Even as Americans Grew Richer, Inequality Persisted
The savings of American families increased strongly between 2016 and 2019, according to Federal Reserve data released on Monday, but wealth inequality remained stubbornly high — and that was before the coronavirus pandemic took hold.
Median net worth climbed by 18 percent in those three years, the Fed’s Survey of Consumer Finances showed, as median family income increased by 5 percent. The survey, which began in 1989, is released every three years and is the gold standard in data about the financial circumstances of households. It offers the most up-to-date and comprehensive snapshot of everything from savings to stock ownership across demographic groups.
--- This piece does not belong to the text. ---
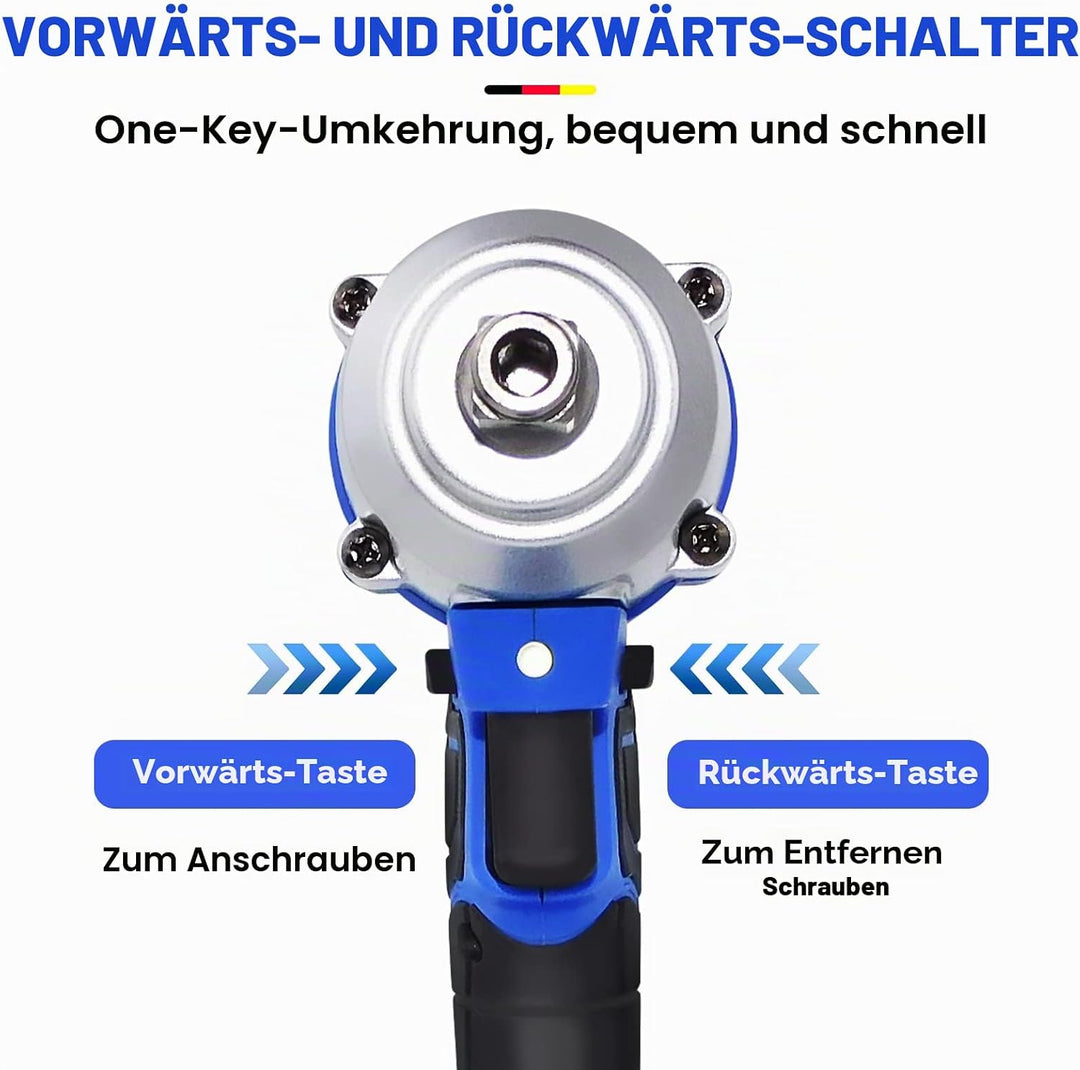 Lucn 21V 6AH Li-Ionen Schlagschrauber Akku 1/2" 420Nm bürstenloser Bohrwerkzeugsatz, 3200RMP, 2 x 6.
The figures tell a story of improving personal finances fueled by income gains and rising home prices, the legacy of the longest economic expansion on record that had pushed the unemployment rate to a half-century low and bolstered wages for those earning the least. Yet yawning gaps persisted — the share of wealth owned by the top 1 percent of households was still near a three-decade high.
Nearly all of the data in the 2019 survey were collected before the onset of the coronavirus. Economists worry that progress for disadvantaged workers has probably reversed in recent months as the pandemic-related shutdowns threw millions of people out of work. The crisis has especially cost minority and less-educated employees, who are more likely to work in high-interaction jobs at restaurants, hotels and entertainment venues. Inequality appears to be poised to widen as lower earners fare the worst.
“Without a doubt, it will worsen,” said Julia Coronado, founder of MacroPolicy Perspectives and a former Fed economist. “We know that the skew of the unemployment is toward lower-income, more economically vulnerable people.”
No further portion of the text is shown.